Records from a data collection
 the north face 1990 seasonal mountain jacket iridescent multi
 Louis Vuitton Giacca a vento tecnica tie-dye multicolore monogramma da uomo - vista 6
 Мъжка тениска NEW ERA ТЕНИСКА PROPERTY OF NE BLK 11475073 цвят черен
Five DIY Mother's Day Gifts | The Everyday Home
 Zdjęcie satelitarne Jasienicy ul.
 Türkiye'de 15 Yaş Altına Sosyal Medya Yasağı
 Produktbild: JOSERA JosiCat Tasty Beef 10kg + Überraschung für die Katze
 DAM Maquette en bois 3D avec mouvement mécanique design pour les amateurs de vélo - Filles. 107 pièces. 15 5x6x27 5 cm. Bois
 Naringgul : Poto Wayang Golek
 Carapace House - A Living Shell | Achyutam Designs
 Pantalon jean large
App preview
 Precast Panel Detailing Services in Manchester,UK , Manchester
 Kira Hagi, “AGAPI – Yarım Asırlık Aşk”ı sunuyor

▸ **The task**
Print each entry exactly as it appears above.

▸ **Output of the exercise**
 the north face 1990 seasonal mountain jacket iridescent multi
 Louis Vuitton Giacca a vento tecnica tie-dye multicolore monogramma da uomo - vista 6
 Мъжка тениска NEW ERA ТЕНИСКА PROPERTY OF NE BLK 11475073 цвят черен
Five DIY Mother's Day Gifts | The Everyday Home
 Zdjęcie satelitarne Jasienicy ul.
 Türkiye'de 15 Yaş Altına Sosyal Medya Yasağı
 Produktbild: JOSERA JosiCat Tasty Beef 10kg + Überraschung für die Katze
 DAM Maquette en bois 3D avec mouvement mécanique design pour les amateurs de vélo - Filles. 107 pièces. 15 5x6x27 5 cm. Bois
 Naringgul : Poto Wayang Golek
 Carapace House - A Living Shell | Achyutam Designs
 Pantalon jean large
App preview
 Precast Panel Detailing Services in Manchester,UK , Manchester
 Kira Hagi, “AGAPI – Yarım Asırlık Aşk”ı sunuyor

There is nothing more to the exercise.